He says logic and equity suggest that pre-1990 forest owners should be properly compensated for not being able to convert land to other uses and be allowed to offset. In other words, they should be allowed to replant trees following harvest in a different location.

At the same time, owners of post-1989 forests must be able to claim for carbon sequestered through all five years of Kyoto's first commitment period (2008 to 2012). To do this, they need to be able to register qualifying afforestation projects this year and be entitled to sell into international carbon markets as per the current ETS timetable and design.

The income they derive from this will help encourage the afforestation needed to ensure sustainable land use.

"As for all emitters in the NZ economy, the best compromise would be to transition emissions from all sectors into the scheme at the same time * with obligations imposed on all emitters no later than 2011. That would give everyone time to adjust and ensure there was a basis for a viable market for NZ emission units from day one.
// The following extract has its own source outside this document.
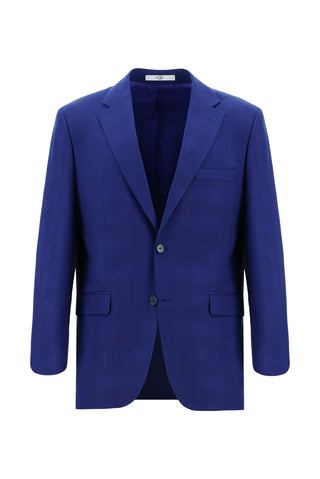  Saks Mavi 8 Drop Long Slim Fit Uzun Dar Kesim Ekose Takım Elbise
"At the same time, the slippage we are seeing with target dates for politically sensitive sectors cannot keep happening.

"New Zealand's reputation as a clean and green producer of food and fibre is inextricably linked to its response to climate change. "If we are a leader, this reputation is enhanced. If we are a follower we run the risk of losing that reputation and at worst, having to face barriers to trade with those countries which have had the political strength to face up to their responsibilities."